▶ **Data block**:
=== Begin Enclosure ===

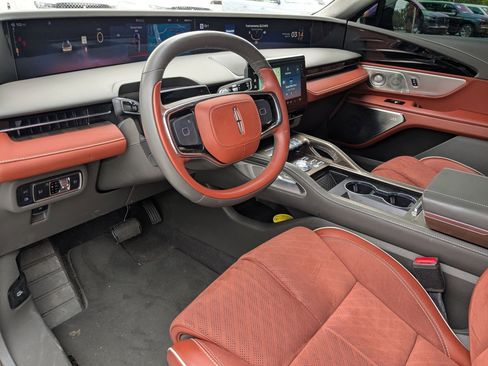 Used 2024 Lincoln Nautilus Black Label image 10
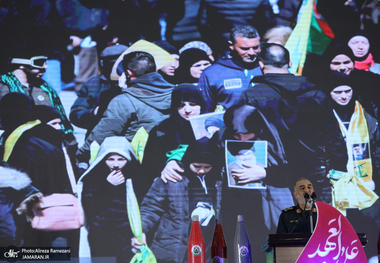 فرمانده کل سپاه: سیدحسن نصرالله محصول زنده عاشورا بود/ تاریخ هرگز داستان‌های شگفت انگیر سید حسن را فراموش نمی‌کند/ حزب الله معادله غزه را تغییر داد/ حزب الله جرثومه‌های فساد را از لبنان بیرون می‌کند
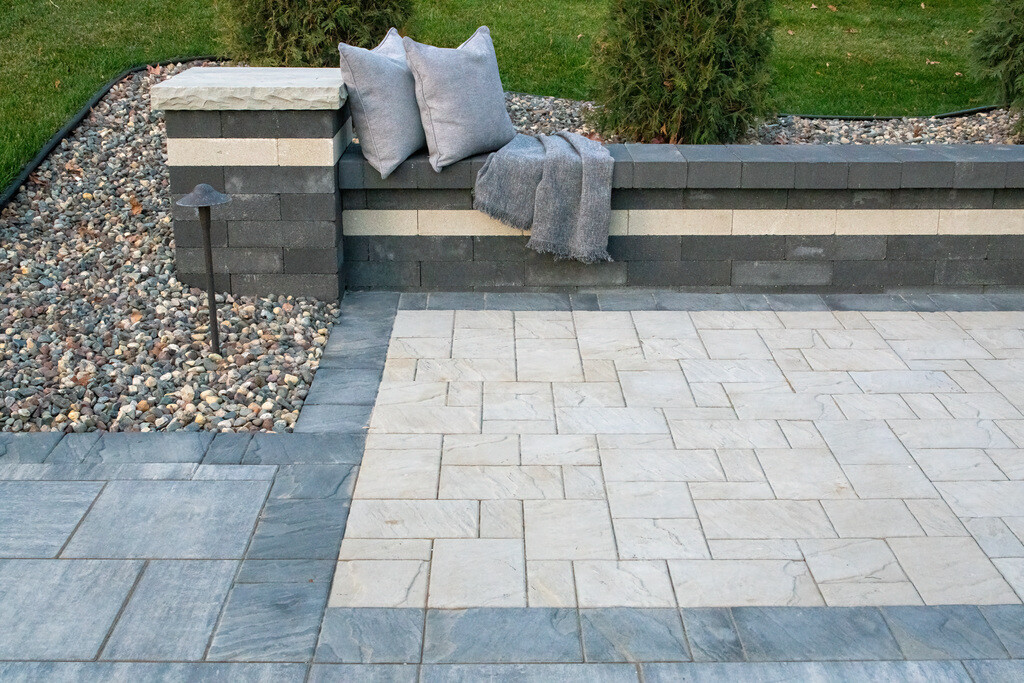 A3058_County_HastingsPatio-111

=== End Enclosure ===

▶ **Exercise brief**: Starting with the first line of the data above, write out each line exactly up to and including the line that holds "فرمانده کل سپاه: سیدحسن". Pictures stay out.

▶ **Result for this task**:
 Used 2024 Lincoln Nautilus Black Label image 10
 فرمانده کل سپاه: سیدحسن نصرالله محصول زنده عاشورا بود/ تاریخ هرگز داستان‌های شگفت انگیر سید حسن را فراموش نمی‌کند/ حزب الله معادله غزه را تغییر داد/ حزب الله جرثومه‌های فساد را از لبنان بیرون می‌کند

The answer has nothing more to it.